1970s: Michael and Jennifer: In a rare example of one decade’s winner defending the title, Michael remained the boy name champion throughout the 70s. Jennifer, like Lisa before her, rushed the podium from back in the pack. The most-famous Michael born in the 70s is actor-singer Michael Buble. He was the winner of Canada’s prestigious Juno Award and is an international singing and recording sensation. The most-famous Jennifer born in the 70s is Jennifer Garner. She stars on stage, small screen, big screen, and in her ubiquitous advertisements for Capital One credit cards.
“Christopher” and “Amy” are the next most popular names in the 70s.

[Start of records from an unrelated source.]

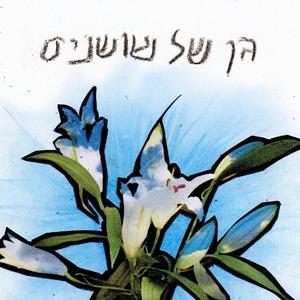 גן של שושנים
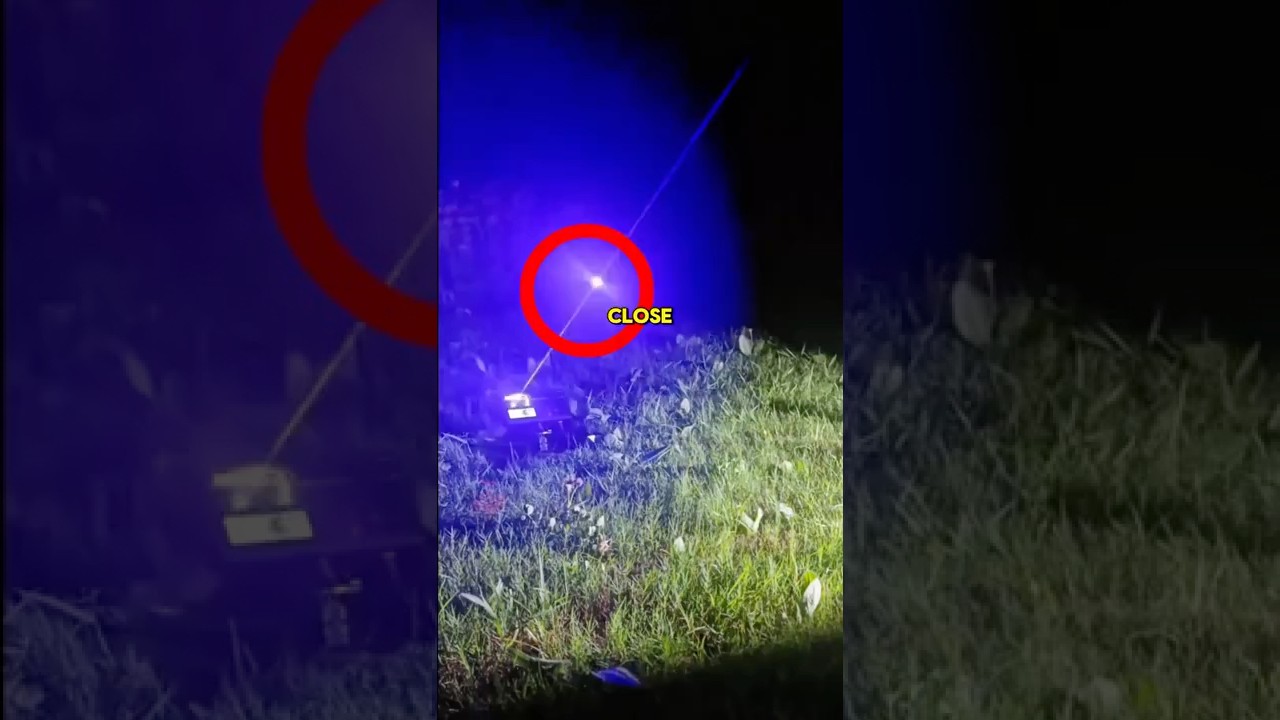 The Most ELITE Way to Kill Mosquitoes 🦟 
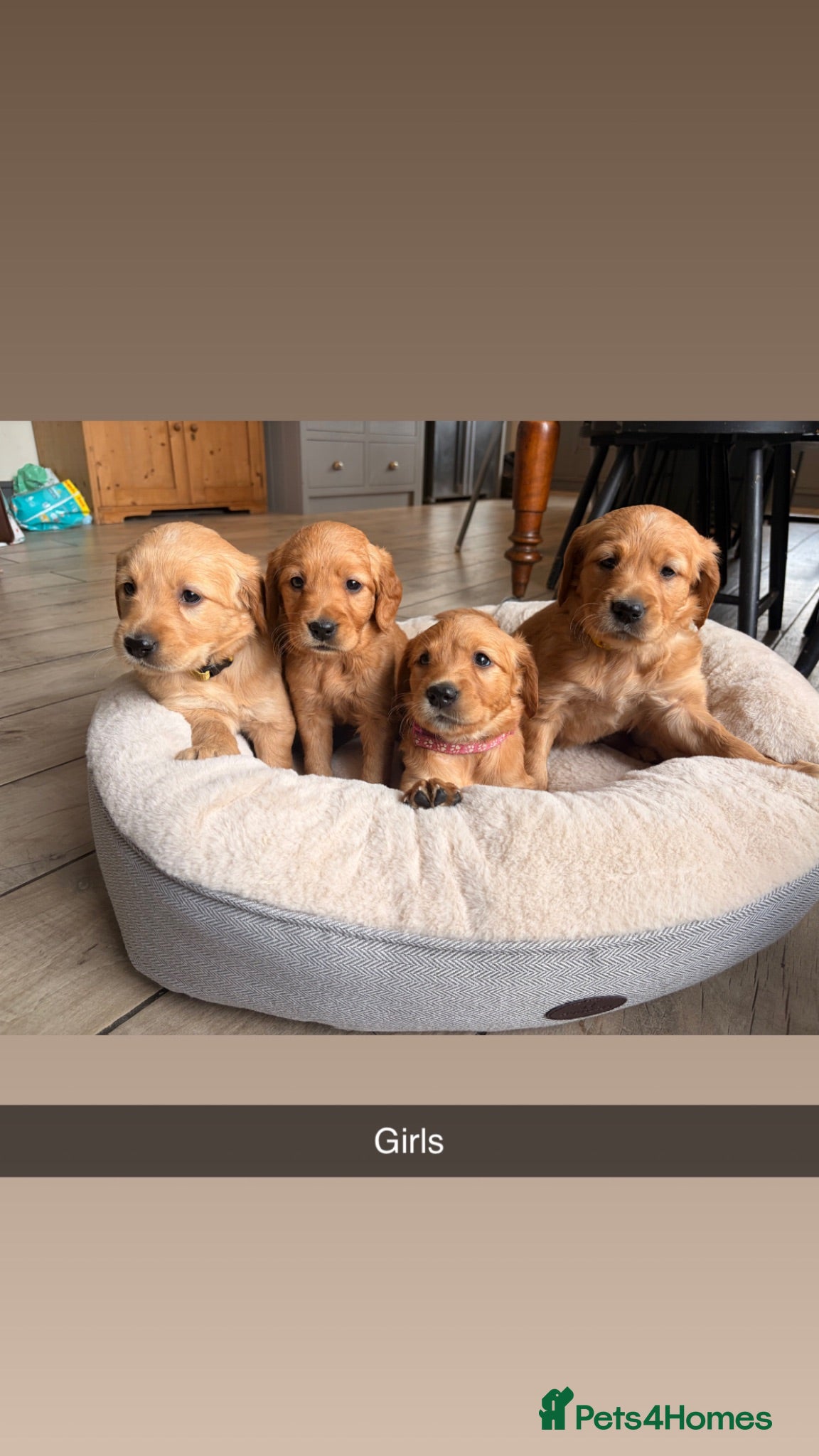 Golden Retriever dogs Outstanding breadlines with extensive health tests - Advert 1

1980s: Michael and Jessica: Look at Mike! That’s three decades of his name and he shows no sign of letting Christopher take over. “Jessica,” popular in the early decades of the 20th Century, takes over Number One on the baby girl side of things. She may be “Jesse,” and she may be “Jess,” but she is probably Jessica just the same. The most famous Michael born in the 80s is Olympic swimmer Michael Phelps. He’s the record-holder with 28 Olympic medals won. The most-famous “Jessica” born in the 80s is singer-actress Jessica Simpson. In addition to acting and singing she is a fashion empire entrepreneur, and a former MTV reality show star.
“Christopher” and “Jennifer” are the next most popular names in the 80s.
1990s: Michael and Jessica: Mike and Jess hold off Christopher and Ashley to defend the crown. The most-famous Michael born in the 90s is football player Michael Sam. He was the first openly-gay athlete to play in the National Football League. The most famous Jessica born in the 90s is singer Jessica Jarrell. She wrote and performs the hit single “Armageddon.”
“Christopher” and “Ashley” will try and win the title when the century changes. Will they be able to do it?
2000s: Jacob and Emily: Michael gave up the crown but it wasn’t to two-decade runner-up Christopher. “Jacob,” left far behind in the 90s, stormed back to win the most popular name title in the first decade of the new millennia. “Emily” is another throwback to a much earlier time. Who are the most famous Jacob’s and Emily’s? Well, we don’t know yet. It may turn out to be the Jake or Em living in your house. How exciting would that be? Michael and Madison were the next most popular. Maybe Mike and Maddie will change the world. Watch for them to do just that!